Si la proposition de loi était adoptée, avec son volet sur l'éducation, ce ne serait pas la première fois que les pouvoirs publics essaie de faire entrer la sensibilisation aux différentes orientations sexuelles et identités de genre dans les établissements scolaires. En 2013, l'expérimentation de l'ABCD de l'égalité dans les écoles maternelles et élémentaires avait pour but d'éduquer les enfants à l'égalité entre les filles et les garçons mais aussi aux questions LGBT+. "Il y avait eu un tel tollé de la droite que le gouvernement a supprimé cet outil", se souvient Véronique Godet.

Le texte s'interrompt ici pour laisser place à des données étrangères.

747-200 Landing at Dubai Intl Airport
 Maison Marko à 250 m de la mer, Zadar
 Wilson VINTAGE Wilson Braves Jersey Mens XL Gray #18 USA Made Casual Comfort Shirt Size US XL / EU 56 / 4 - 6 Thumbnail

"Si on ne fait que des choses qui ne font pas peur, on ne fait jamais rien, estime Laurence Vanceunebrock, consciente de la levée de boucliers que pourrait provoquer la mesure, et assurant que les opposants auront la possibilité de s'exprimer. J’ai peur que nos enfants soient en danger parce qu'on ne fait rien et qu’on laisse les religions s’immiscer dans la vie de la République. L’idée n’est pas faire la guerre aux religions, ni de demander qu’il n’y ait plus du tout de messages religieux dans notre société, mais il faudrait que les religieux, les familles et les enseignants comprennent que nos enfants sont le terreau de la société à venir."

 

Crédit photo : Pauline Communication/Wikimedia Commons...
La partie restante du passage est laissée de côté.